They discovered that the appendix has evolved independently in several mammal lineages, over 30 separate times, and almost never disappears from a lineage once it has appeared.

Evolved independently over 30 separate times! Now that’s right up there in miracle territory if you ask me. I mean, what are the odds!?

For those who have access to this paper, do they really explain how the appendix evolved 30 or more times?

Of course, I’d also love to hear from all the fans of the miraculous powers of evolution just how they think it came to pass that the appendix evolved 30 independent times.

Source:

https://www.sciencedaily.com/releases/2017/01/170109162333.htm

214 thoughts on “Miracle of Evolution – The Appendix

  1. Frankie,

    If you assert that you have a process that can produce such a thing then you need to demonstrate it. If you want to make a claim you have to support it.

    So you can demonstrate Design producing appendixes? I’ll pull up a chair.
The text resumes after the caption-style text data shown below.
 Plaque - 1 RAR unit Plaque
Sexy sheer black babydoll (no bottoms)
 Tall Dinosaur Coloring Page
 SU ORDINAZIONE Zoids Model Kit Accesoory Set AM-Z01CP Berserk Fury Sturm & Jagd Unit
    It isn’t up to us to show there is a boundary. It is up to you to show that you have a mechanism capable of doing what you say.

    You are the one saying there is a boundary, chum.

  2. colewd:
    Rumraket,

    How many mutations do you think are required to build an appendix?
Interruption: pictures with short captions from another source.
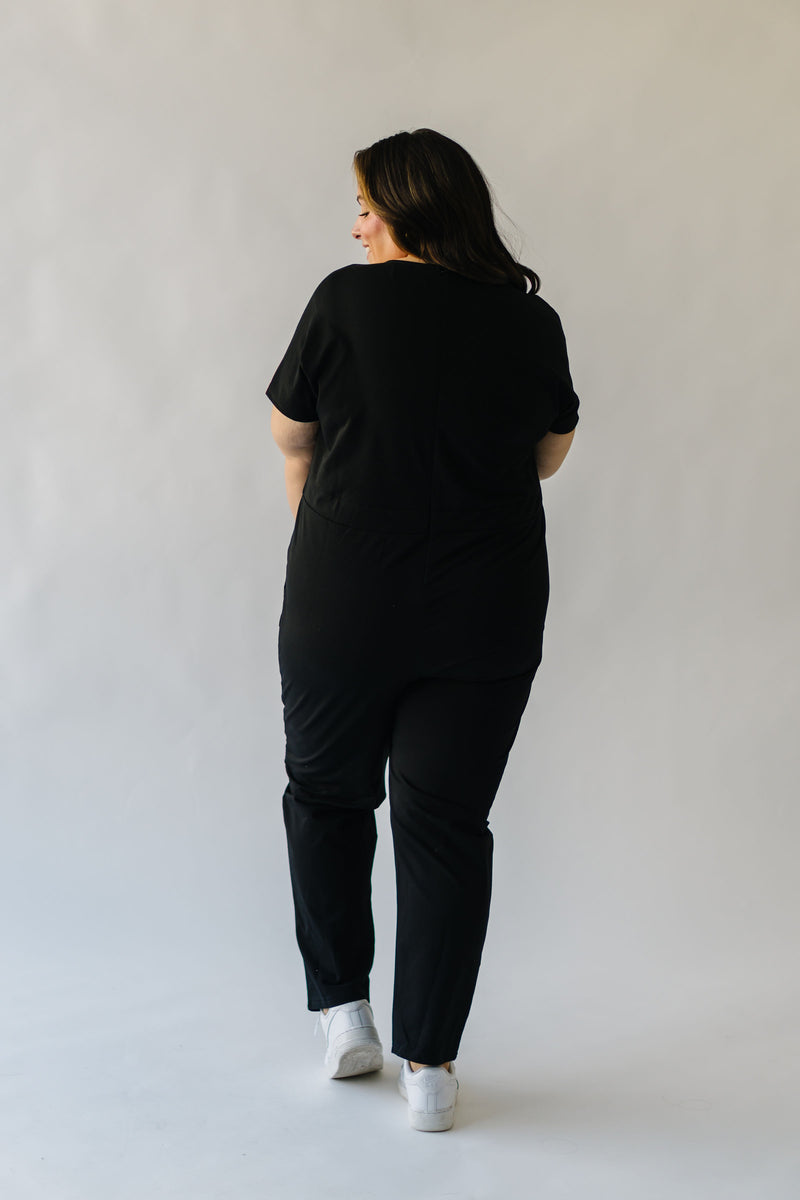 Piper & Scoot: The Bianca Cinch Jumpsuit in Black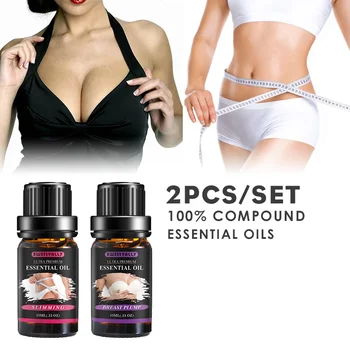 

2pcs/set Effective Breast Nourish Massage Oil Breast Enlargement Massage Essential Oil Chest Lift Up Chest Firm Oil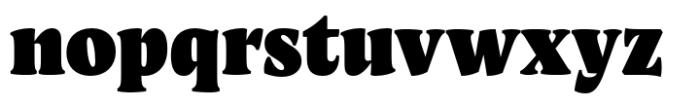 Artusi Heavy Font LOWERCASE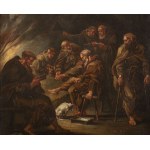 Giovanni Antonio Peruzzini (1643-1724) , Monks by the Fireplace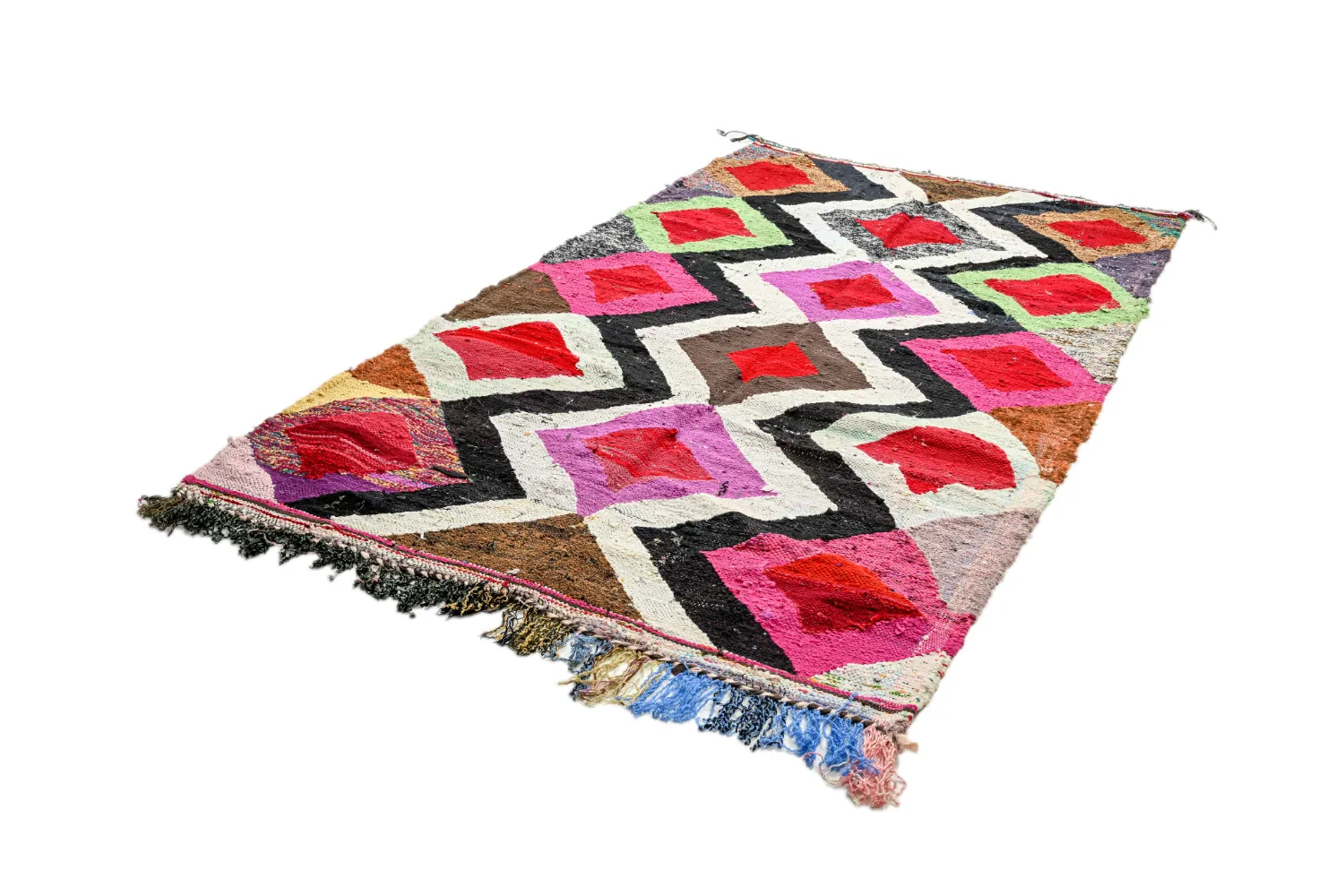 Tapete Berbere Marroquino Boucherouite 145 x 260 cm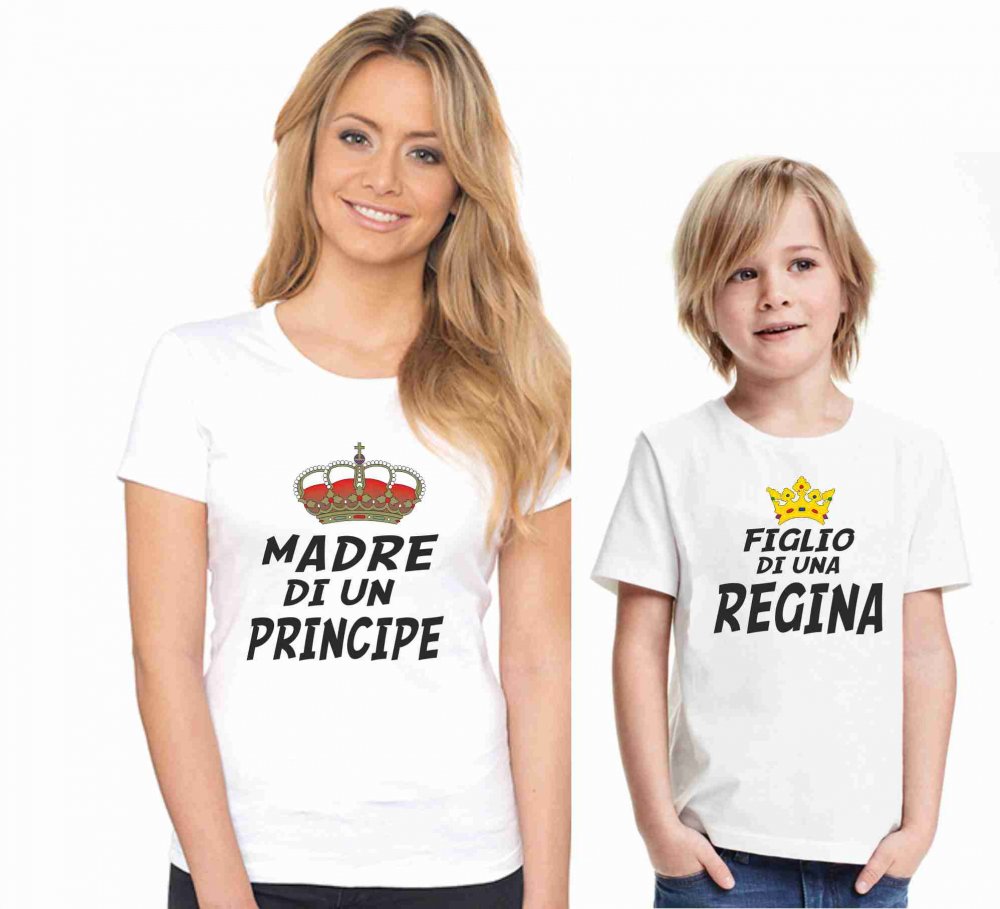 Kit due magliette una per la mamma e uno per il figlio/a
    What difference does it make? If it were 100 or 10,000 the evidence still shows evolution over deep time.

    Why do YECkies love to argue if science can’t provide every last detail then science knows absolutely nothing?

  3. Allan Miller:
    Frankie,

    Word-gaming on Darwin’s choice of word: providing comfort to Creationists for 160 years and counting.
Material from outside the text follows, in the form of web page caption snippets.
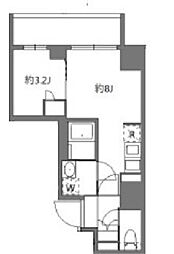 アラート横濱桜木町II 1LDKの間取図画像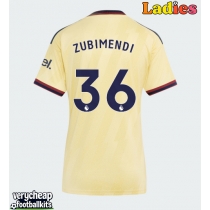 Arsenal Martin Zubimendi #36 Replica Third Shirt Ladies 2026-27 Short Sleeve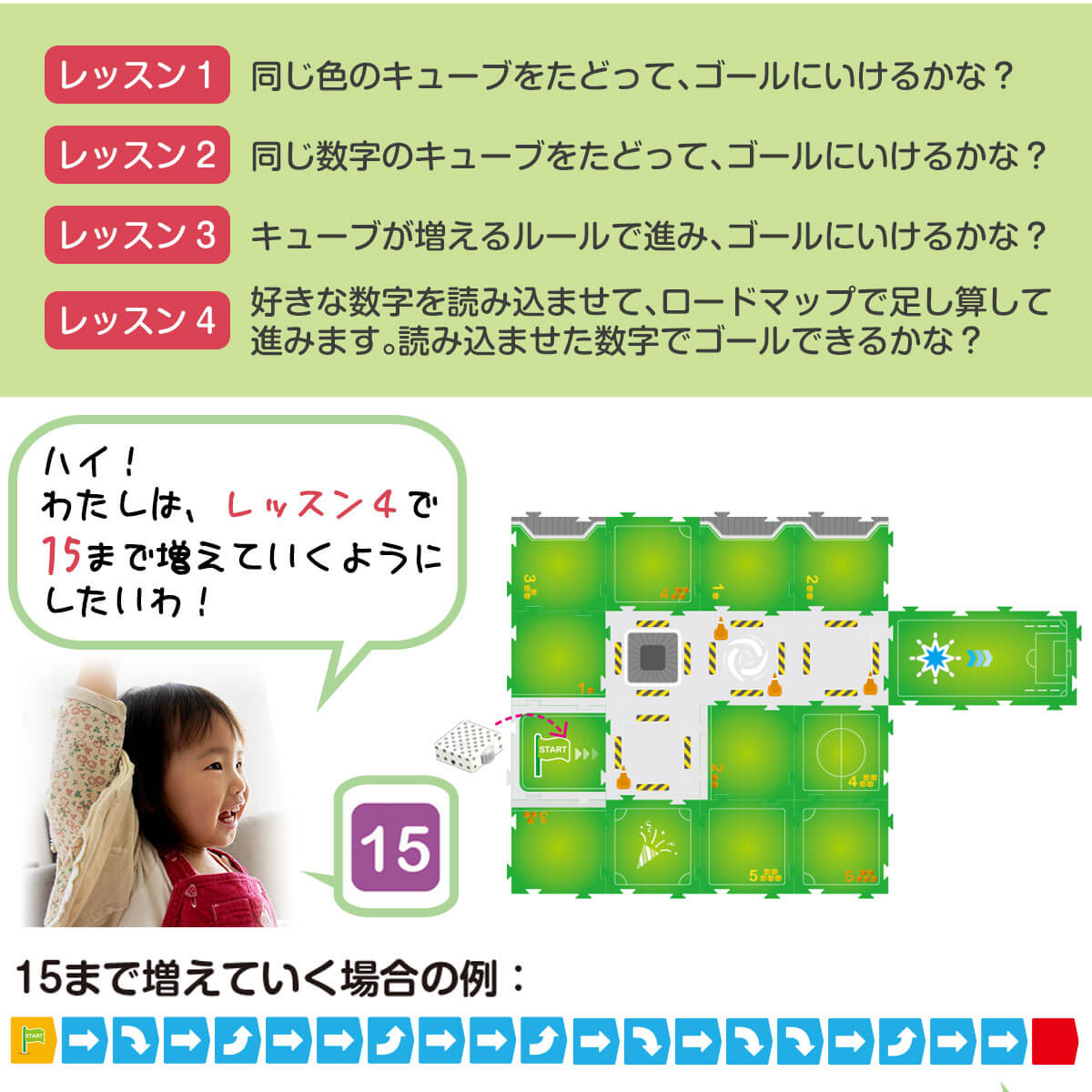 上級編では算数レッスンができます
    Darwin was the one word-gaming, Allan. Nature doesn’t select and he knew it. But he needed something catchy even though it meant stretching the truth.

  4. Allan Miller: You are the one saying there is a boundary, chum.

    That is incorrect. I am saying that you don’t have any way to test your claims. And all you can do is try to talk about some boundary. Obviously the boundary is your inability to show that you have a mechanism capable of producing the changes required of universal common descent.

    I can show you design producing insulin with bacteria. I can show you design with GMOs. I can show you design with an entire bacterial genome. Can you show us blind and mindless processes doing any of that?

  5. Is macroevolution just an accumulation of microevolution? With the advent of developmental biology that answer is no as genes that influence traits are not the same as the genes that influence body plans.

    Loci that are obviously variable within natural populations do not seem to lie at the basis of many major adaptive changes, while those loci that seemingly do constitute the foundation of many if not most major adaptive changes are not variable.- John McDonald, “The Molecular Basis of Adaptation: A Critical Review of Relevant Ideas and Observation”, Annual Review of Ecology and Systematics: 14, 1983, p77-102

    I am not using the quote to say that macroevolution is impossible or has been refuted. Just that it isn’t an accumulation of micro evolutionary changes. And apparently that has been known for several decades.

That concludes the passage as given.